For a summary of our work visit: pedro.ai/curiosity

Structure

The project has three components:

The Curiosity dataset in dialog_data/curiosity_dialogs.json, with folded versions in dialog_data/curiosity_dialogs.*.json
Modeling code used in experiments
Analysis, plotting, and latex code that generates the publication's PDF file.

Data

File Description

curiosity_dialogs.{train, val, test, test_zero}.json: Dialogs corresponding to each data fold
wiki_sql.sqlite.db: A sqlite database storing our processed version of the Wikipedia subset that we use
fact_db_links.json: A json file containing an entity linked version of our Wikipedia data.
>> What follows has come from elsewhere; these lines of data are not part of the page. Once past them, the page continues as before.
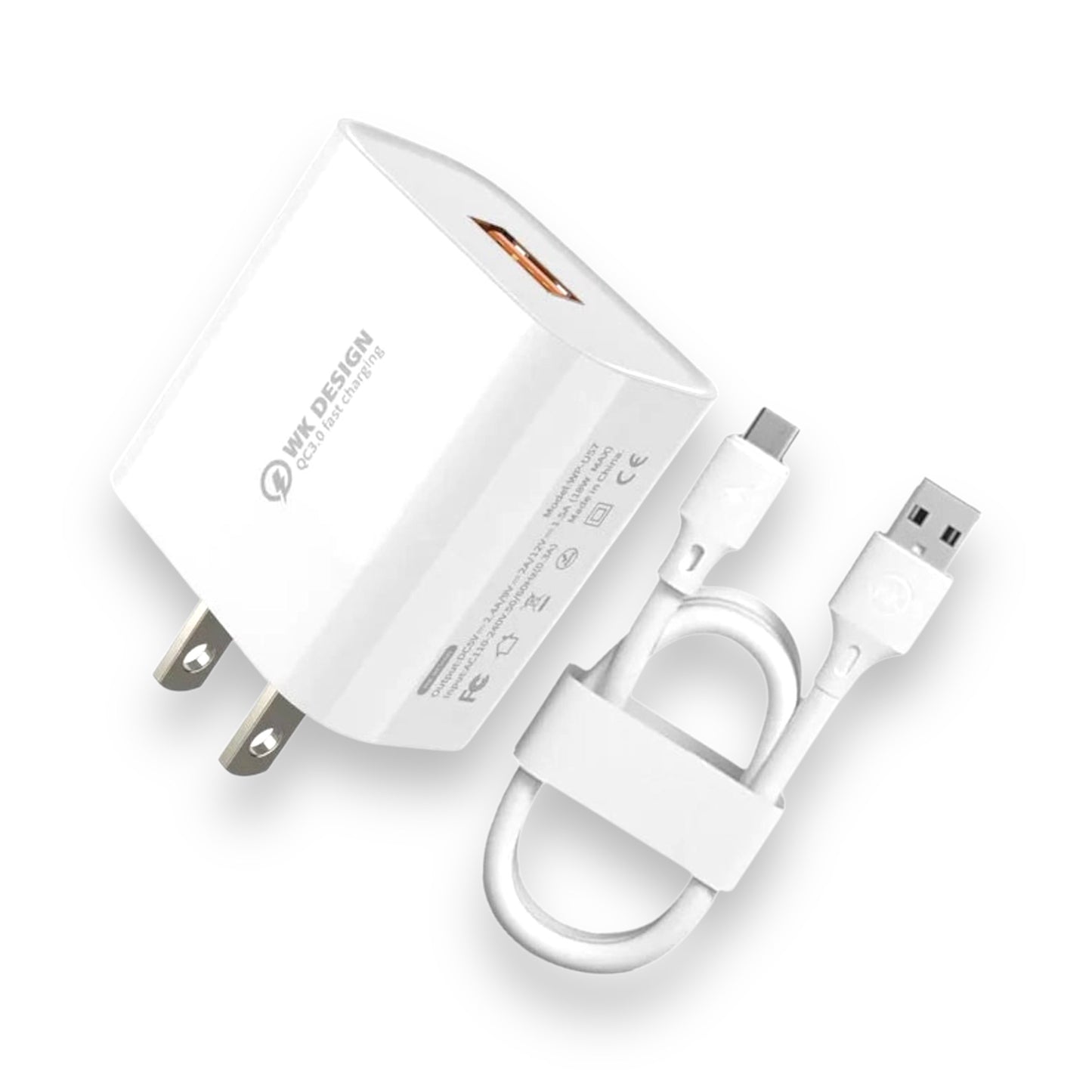 CARGADOR 18W USB-A A MICRO-USB CON CABLE - WK DESIGN WP-U57
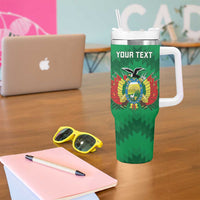 Custom Bolivia Football Tumbler With Handle Andean Condor Vamo La Verde
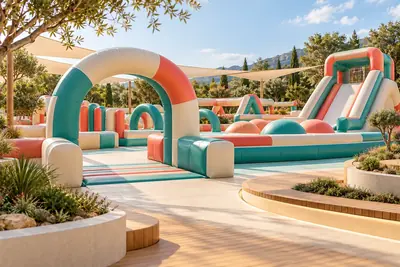 AI concept of a cream, teal and coral inflatable activity park with archways, obstacles and a slide.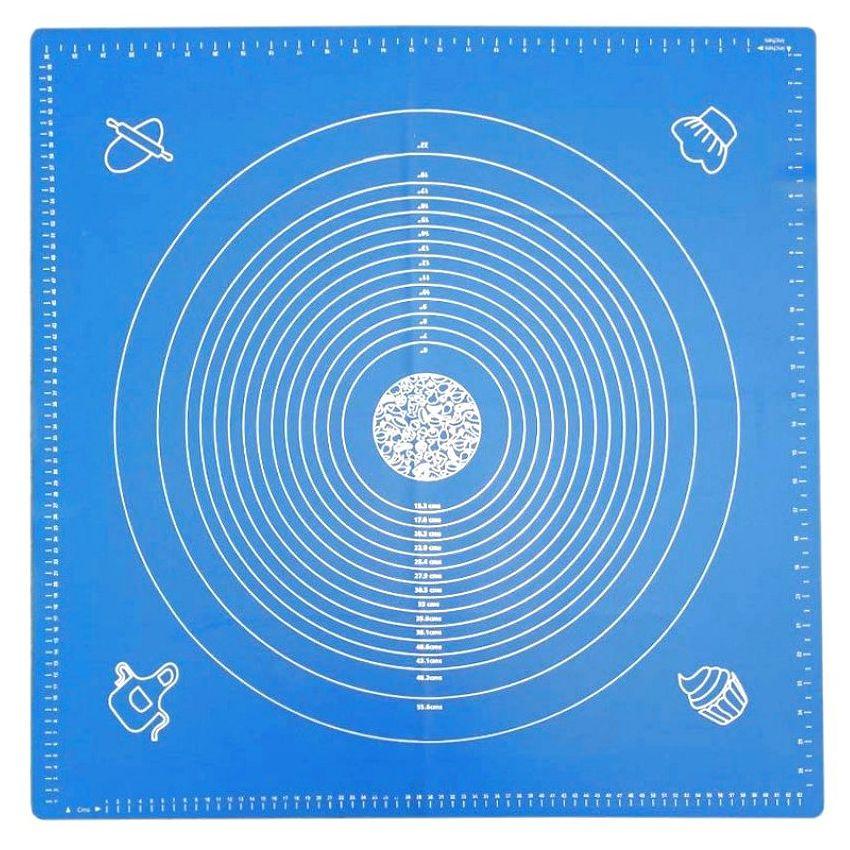 Коврик для выпечки и раскачки A-PLUS №677 силиконовый 700х700 мм Голубой (203823-бла)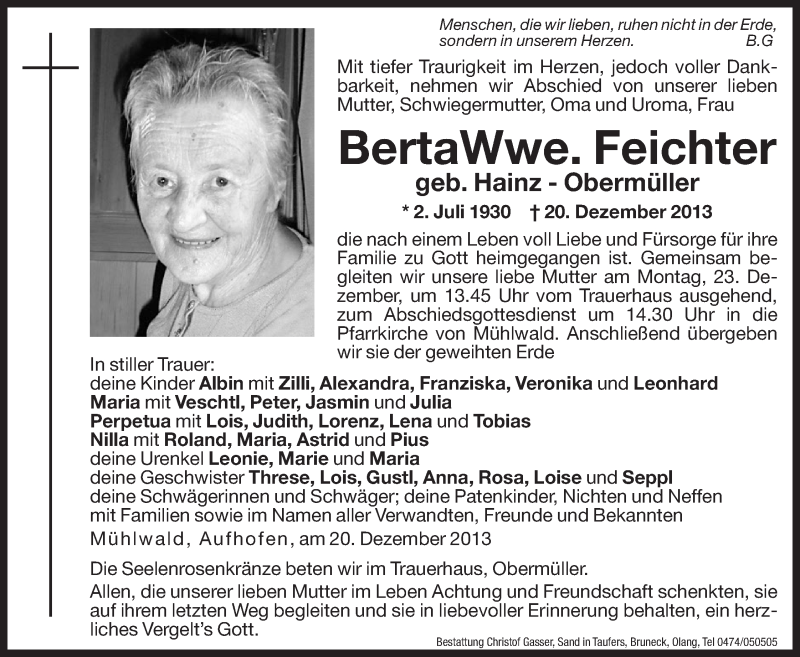  Traueranzeige für Berta Feichter vom 21.12.2013 aus Dolomiten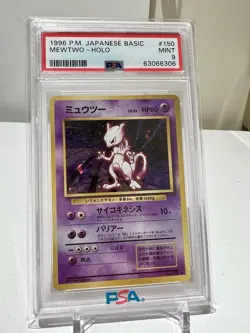 1996 POKEMON BASE SET JAPANESE #150 MEWTWO-HOLO PSA 9 - Image 1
It stores the location of the entity link, which the database does not contain

Downloading Data

There are two ways to download our data.

First, you could clone our repository and use git lfs.

Install git lfs
Clone the repository: https://github.com/facebookresearch/curiosity.git
Run git lfs pull

Second, you can download from these URLs with tools like wget:

Re-creating Processed Data

We provide the inputs to our modeling experiments; to reproduce these inputs follow these instructions.

Wikipedia2Vec

The file wiki2vec_entity_100d.txt is the output of running the following steps:

Download the embeddings with wget http://wikipedia2vec.s3.amazonaws.com/models/en/2018-04-20/enwiki_20180420_100d.txt.bz2
Decompress: bzip2 -d enwiki_20180420_100d.txt.bz2
Filter out non-entities with:
./cli filter-emb enwiki_20180420_100d.txt wiki2vec_entity_100d.txt

Model Code

Our model code is written using pytorch and allennlp. Before reproducing our experiments, you'll need to install some software.

Installation

Install a recent version of anaconda python https://www.anaconda.com/distribution/. The canonical way to reproduce our experiments is with the poetry configuration. We also provide anaconda environment definitions, but the exact versions of all dependencies are not pinned so results may differ.

Poetry-based Instructions

Install poetry
Run conda create -n curiosity python=3.7
Run conda activate curiosity (fish shell)
Run poetry install
Before running any model commands, activate the environment with poetry shell

Anaconda-based Instructions

For CPU:

Create an anaconda environment conda env create -f environment.yaml (creates an environment named curiosity)
Activate the environment, in fish shell this is conda activate curiosity

For GPU:

Create an anaconda environment conda env create -f environment_gpu.yaml (creates an environment named curiosity)
Activate the environment, in fish shell this is conda activate curiosity

Docker-based Instructions

If you prefer using Docker for dependencies, we include a Dockerfile that builds all the required dependencies. Note, that to enable GPU support you may need to use nvidia-docker and modify this file to install cuda dependencies

Training and Evaluating Models

Models are run using a combination of the allennlp train, allennlp evaluate, and ./cli command (in this repository).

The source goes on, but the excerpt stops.